■ Problem requirements
The answer must restate the listing word for word, without its images.

■ Supplied data
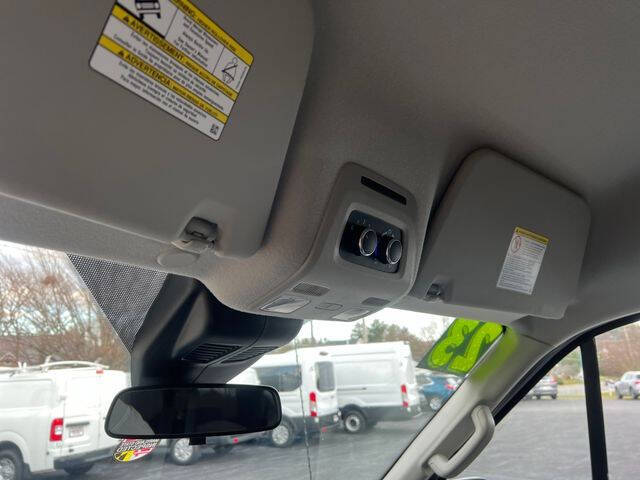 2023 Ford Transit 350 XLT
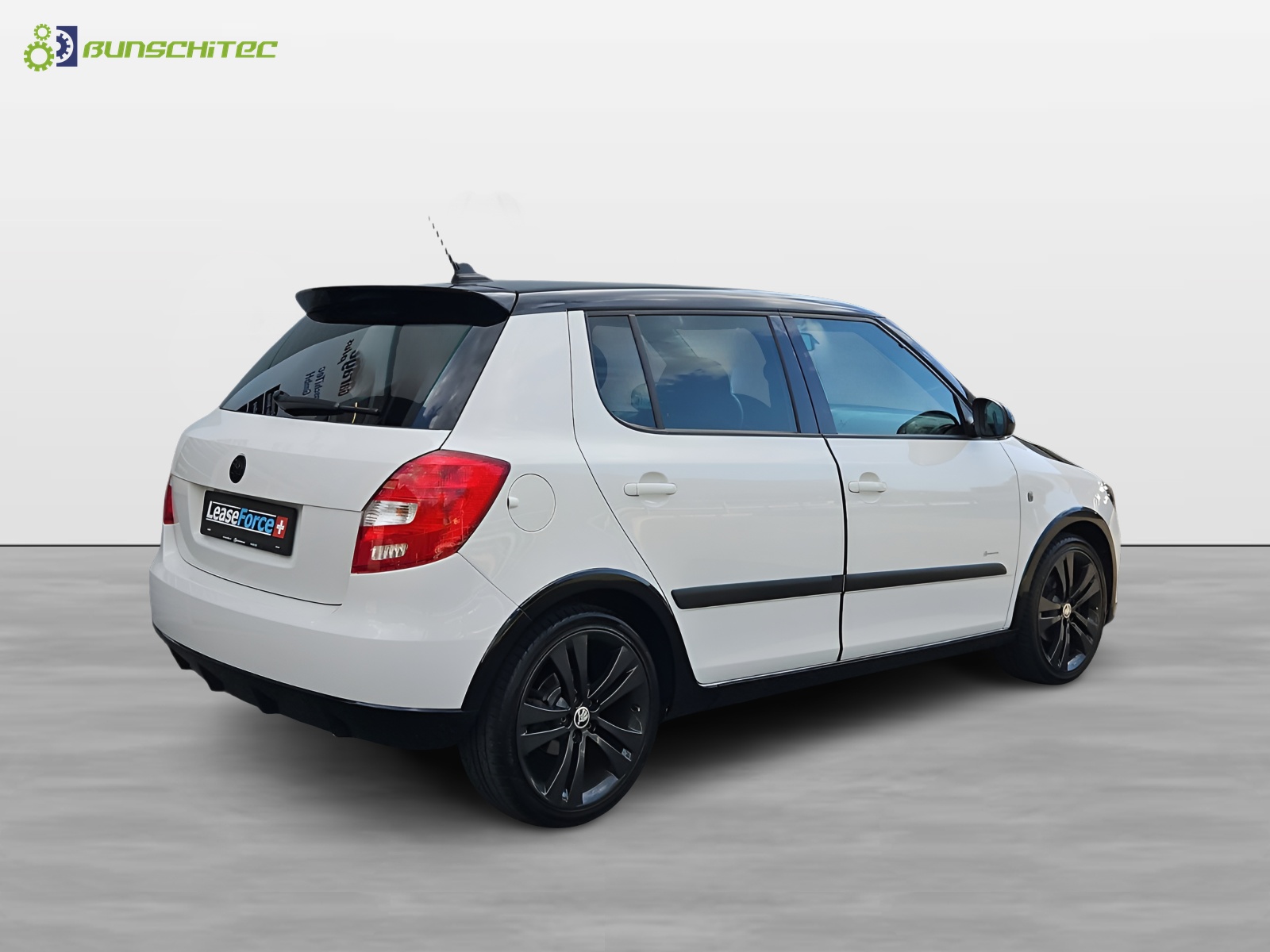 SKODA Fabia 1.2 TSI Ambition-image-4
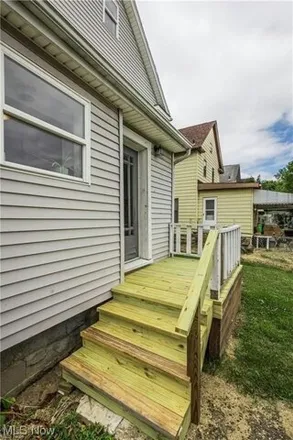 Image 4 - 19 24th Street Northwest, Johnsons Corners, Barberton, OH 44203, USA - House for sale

■ Finished exercise
 2023 Ford Transit 350 XLT
 SKODA Fabia 1.2 TSI Ambition-image-4
 Image 4 - 19 24th Street Northwest, Johnsons Corners, Barberton, OH 44203, USA - House for sale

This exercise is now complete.